Entonces, ¿por qué se le recuerda por una terrible tarde de abril de 1865?

En lugar del aplauso que probablemente anhelaba, Booth obtuvo el título de asesino más infame de la historia. Esa noche, el 14 de abril de 1865, subió al escenario del Teatro Ford en Washington, D.C., y lo cambió todo. Le disparó al presidente Abraham Lincoln. No fue sólo un crimen pasional. Era parte de una conspiración mucho más amplia y oscura destinada a derrocar a toda la dirección de la Unión.

Una familia de fama, una vida de infamia

El nombre de Booth tenía peso. Edwin Booth, el hermano mayor de John, fue uno de los mejores actores de su época. John lo miró. Él quería esa misma adoración. Pero mientras Edwin encontró respeto, John se encontró cayendo en algo más oscuro. Era un simpatizante confederado, obsesionado con la idea de que la derrota del Sur fue una tragedia y que Lincoln era el villano.

No sólo quería matar al presidente. Quería atacar el corazón del gobierno de la Unión. El plan era más grande que un hombre en un palco. Se trataba del Secretario de Estado William H. Seward. Seward era un objetivo clave. Vivía cerca y los conspiradores ya se estaban posicionando para atacarlo esa misma noche.

La noche que todo cambió

Lincoln asistió a la obra Our American Cousin. Booth vio su oportunidad. Se deslizó en el palco privado del presidente. El disparo resonó por todo el teatro. Estalló el caos. Lincoln resultó mortalmente herido. No sobreviviría a la noche.
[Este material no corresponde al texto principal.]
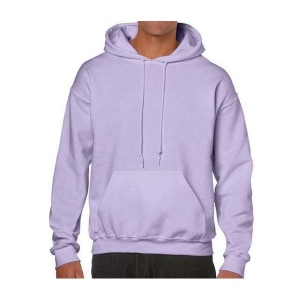 Sweat capuche 280 14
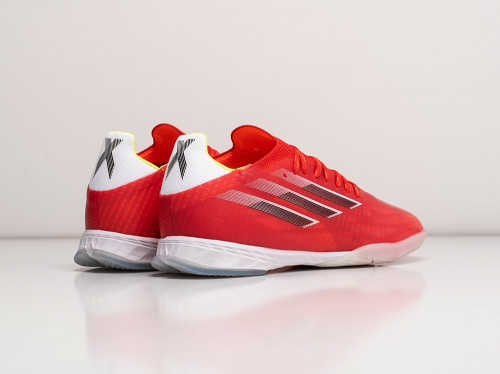 Футбольная обувь Adidas X Speedflow.1 IN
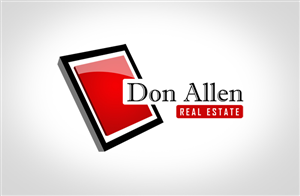 Logo Design by Owaisias for Australian Marriage Equality | Design: #1476106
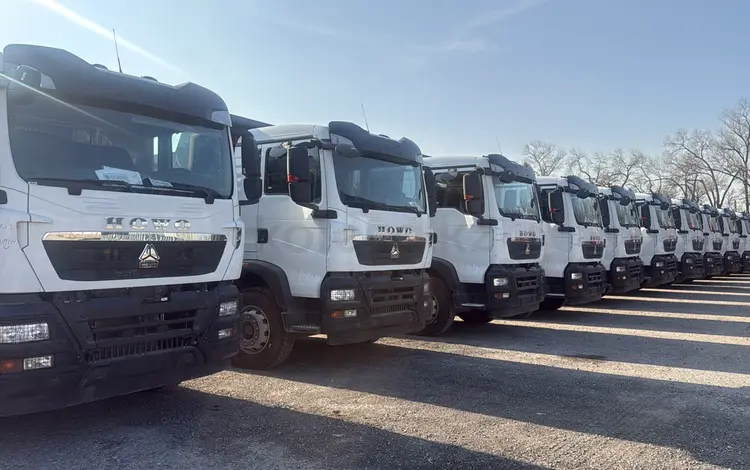 ANTO MOTORS в НАЛИЧИИ в Актобе
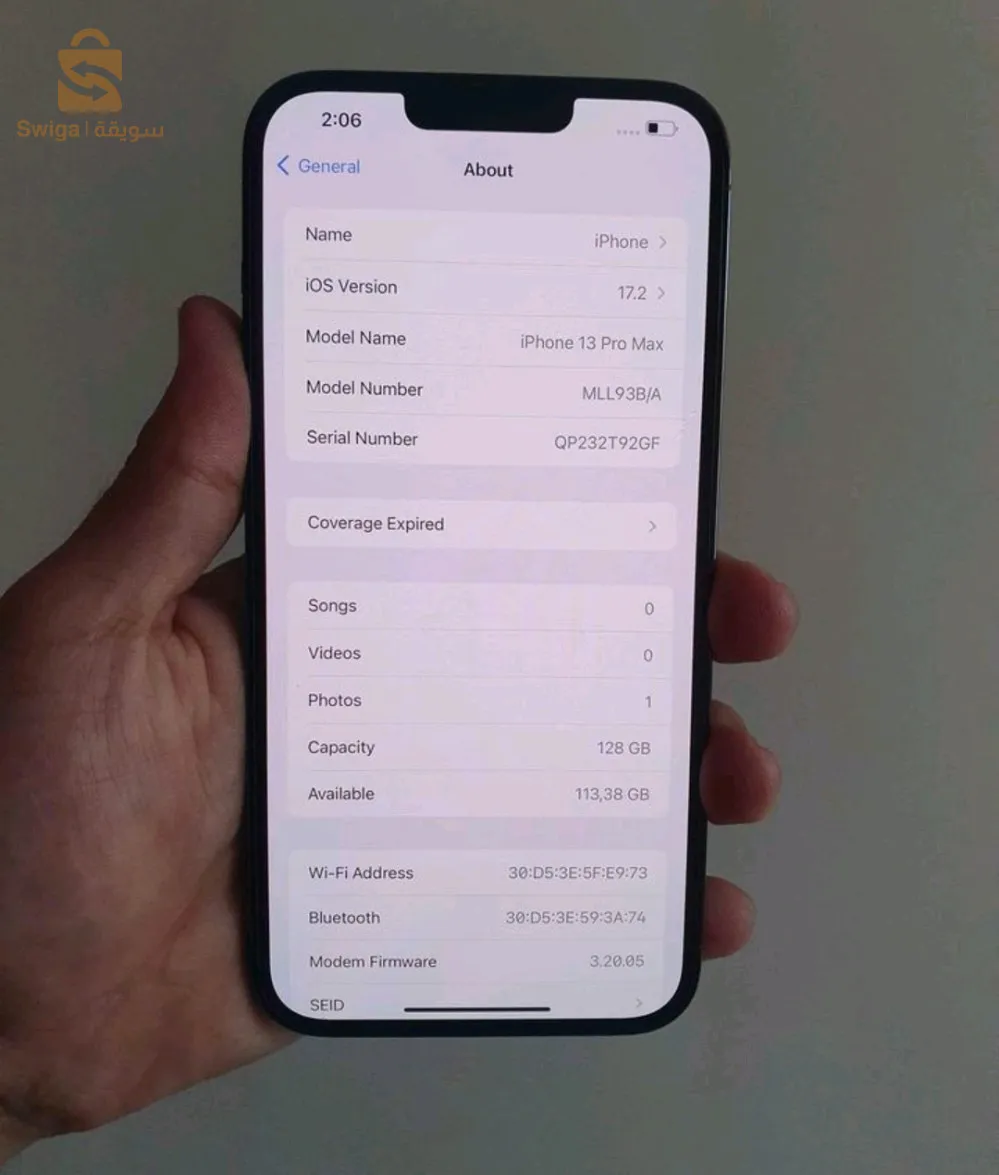 iphone 13 pro max 🔥💯🥵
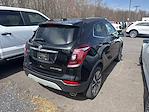 2022 Buick Encore AWD SUV for sale #QB45004B - photo 3
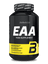 EAA capsule - 200 capsules
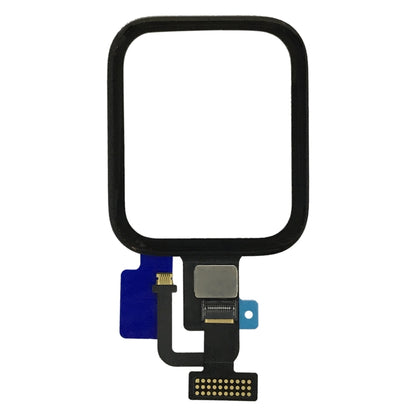Dalle tactile d'origine pour Apple Watch Series 6 44 mm
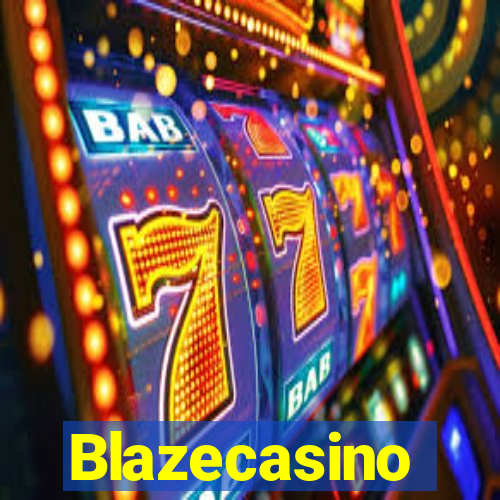 Blazecasino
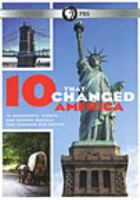 10_that_changed_America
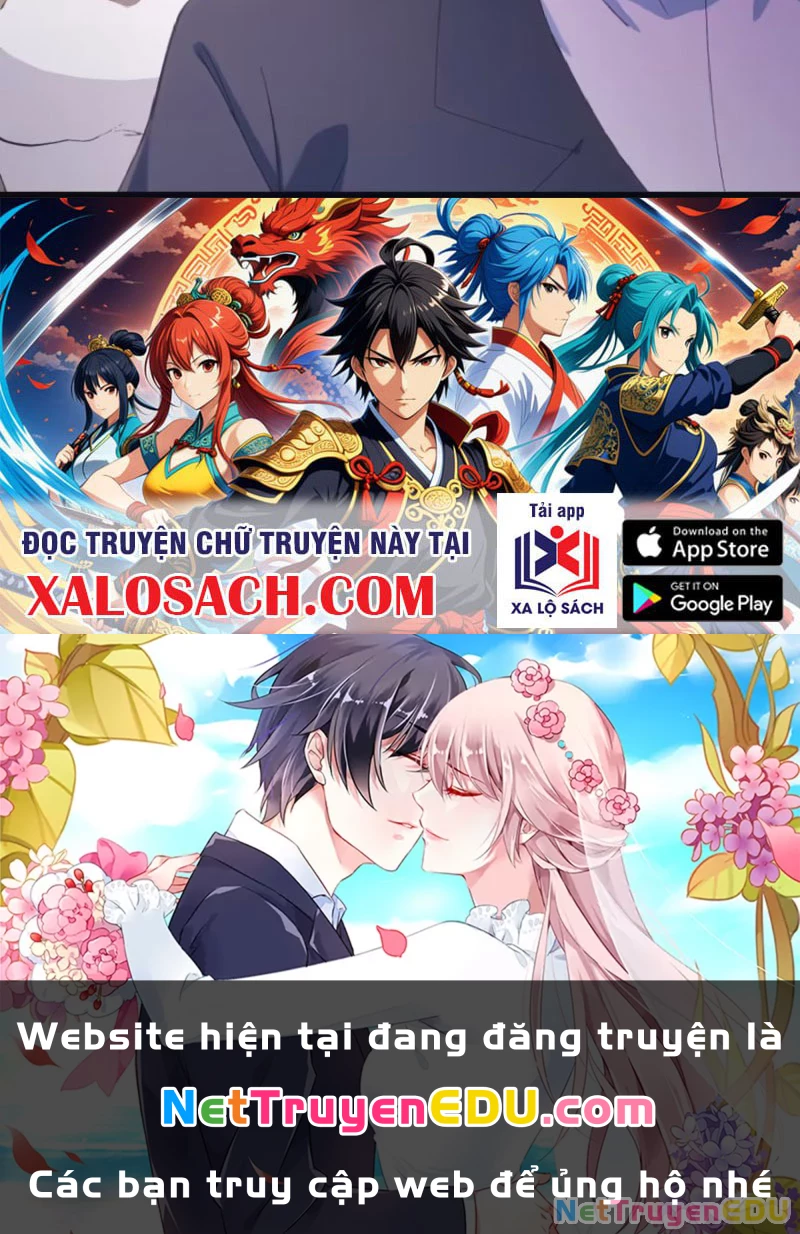 Tu Tiên Trở Về Tại Vườn Trường – Phần 2 Chapter 58 - Trang 2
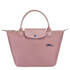 Le Pliage Club S Handtasche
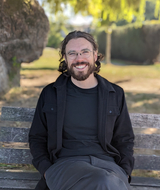 Book an Appointment with Dr. Christopher Brown at Vancouver Therapy Collective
Pero la conspiración no quedó ahí. Aproximadamente al mismo tiempo, John Surratt y Lewis Powell se dirigieron a la casa de William H. Seward. Powell acuchilló al Secretario de Estado con una espada. Seward sobrevivió, gravemente herido pero vivo. El complot más amplio no había logrado acabar con todos los dirigentes, pero el daño ya estaba hecho.

Por qué es importante hoy

El acto de Booth no fue sólo una cuestión de venganza. Fue un intento desesperado y violento de cambiar el rumbo de la Guerra Civil. Pensó que matar a Lincoln provocaría una rebelión. No fue así. Más bien, lo convirtió en un símbolo de traición. Desde hace más de un siglo, su nombre es sinónimo de traición.

La historia de la familia Booth es una extraña mezcla de legado artístico y vergüenza nacional. Edwin Booth se convirtió en un héroe por actuar en la inauguración del Lincoln Memorial. ¿John? Él sigue siendo el hombre que apretó el gatillo.

¿Creía que estaba salvando a Estados Unidos? Probablemente. ¿Se dio cuenta de que sería recordado para siempre por ello? Improbable. El escenario está vacío ahora. El silencio tras el disparo es lo que recuerda la historia.